What is needed |
Nothing but the lines from the one containing "Two male MMA" through the end of the data below should appear in the answer, each exact and free of pictures.

Information provided |
------------------------------------------------

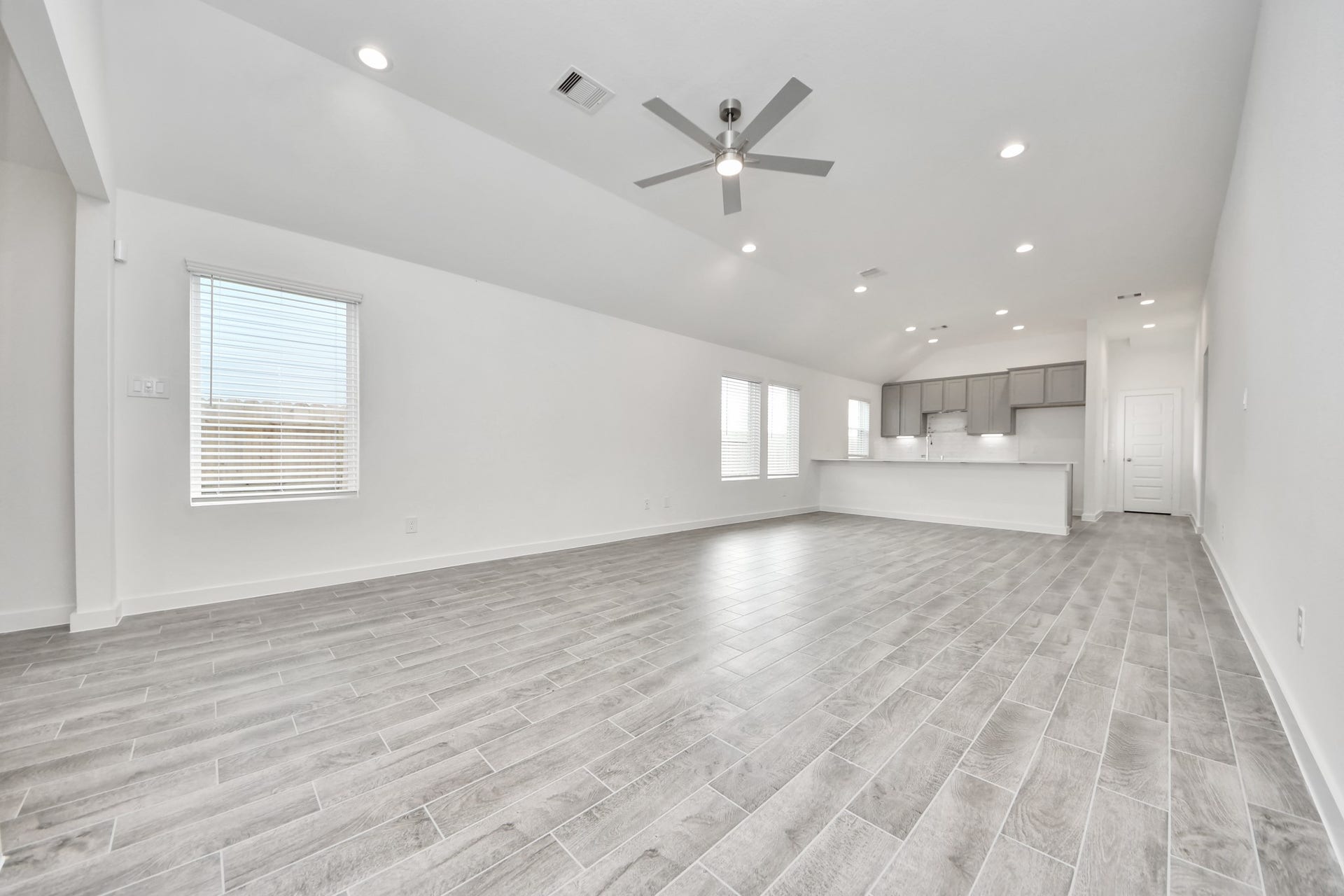 5830 Madison Trail Drive, Richmond, TX 77469 Welcome family and guests to your charming living room! With its high ceilings, recessed lighting, ceiling fan, custom paint, beautiful flooring, and large windows that let in abundant natural light, this room is perfect for gatherings. Sample photo of completed home with similar floor plan. Actual colors and selections may vary.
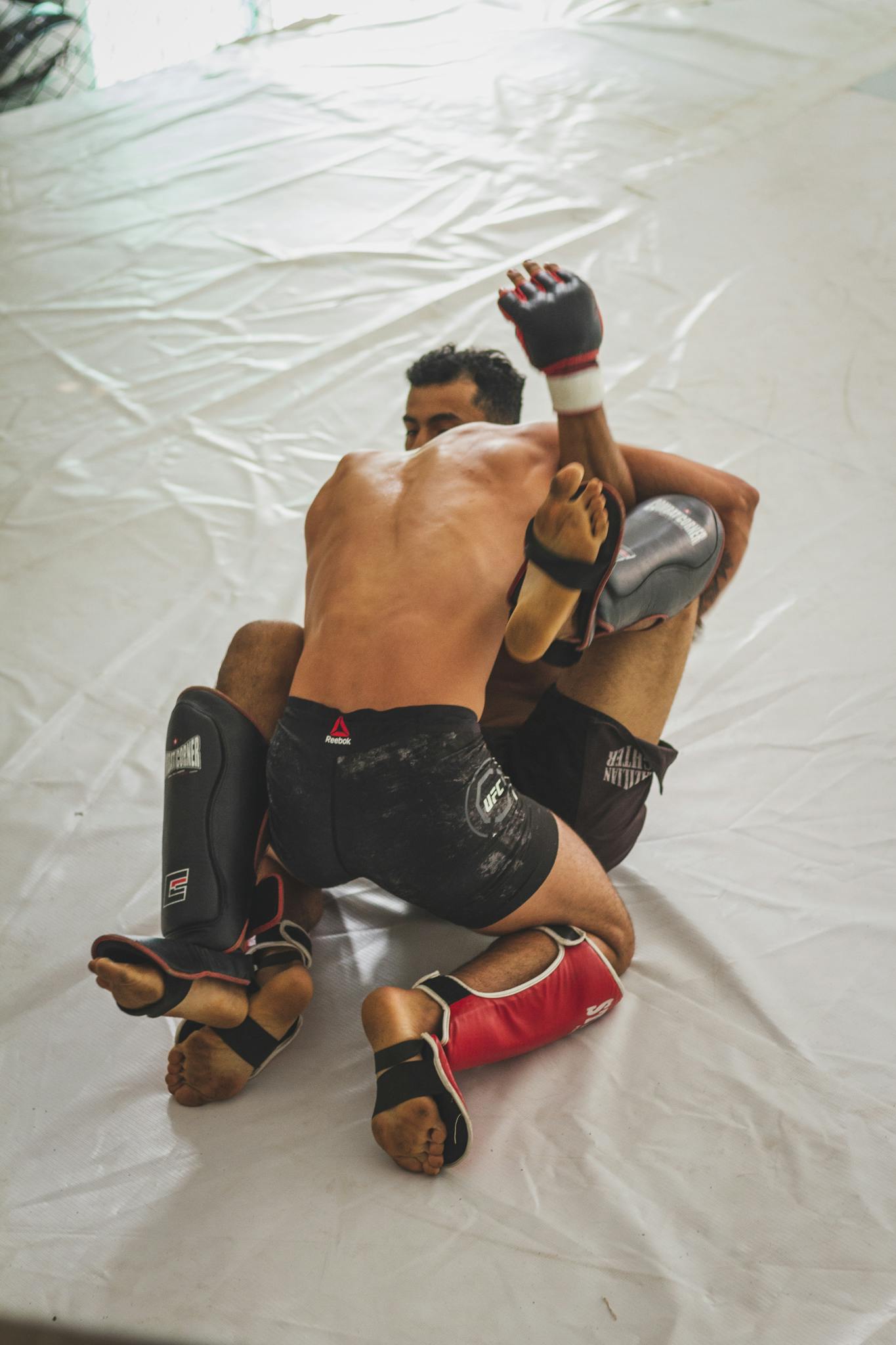 Two male MMA fighters engage in a dynamic sparring session, showcasing skill and technique.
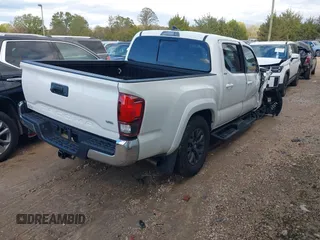 2023 Toyota Tacoma SR5 z VIN 3TYAZ5CN6PT039427, wystawiony jako IAAI lot #40866490 z przebiegiem 18 481 mil mil oraz . Historia ofert i sprzedaży dostępna na DreamBid. Obrazek 4.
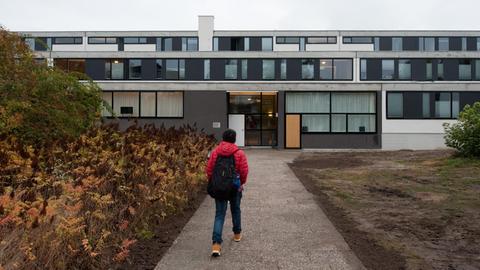 Ein Student geht zu Haus Neun des Studentendorfs Schlachtensee in Berlin. Das Haus wurde renoviert.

------------------------------------------------

Reply to the task |
 Two male MMA fighters engage in a dynamic sparring session, showcasing skill and technique.
 2023 Toyota Tacoma SR5 z VIN 3TYAZ5CN6PT039427, wystawiony jako IAAI lot #40866490 z przebiegiem 18 481 mil mil oraz . Historia ofert i sprzedaży dostępna na DreamBid. Obrazek 4.
 Ein Student geht zu Haus Neun des Studentendorfs Schlachtensee in Berlin. Das Haus wurde renoviert.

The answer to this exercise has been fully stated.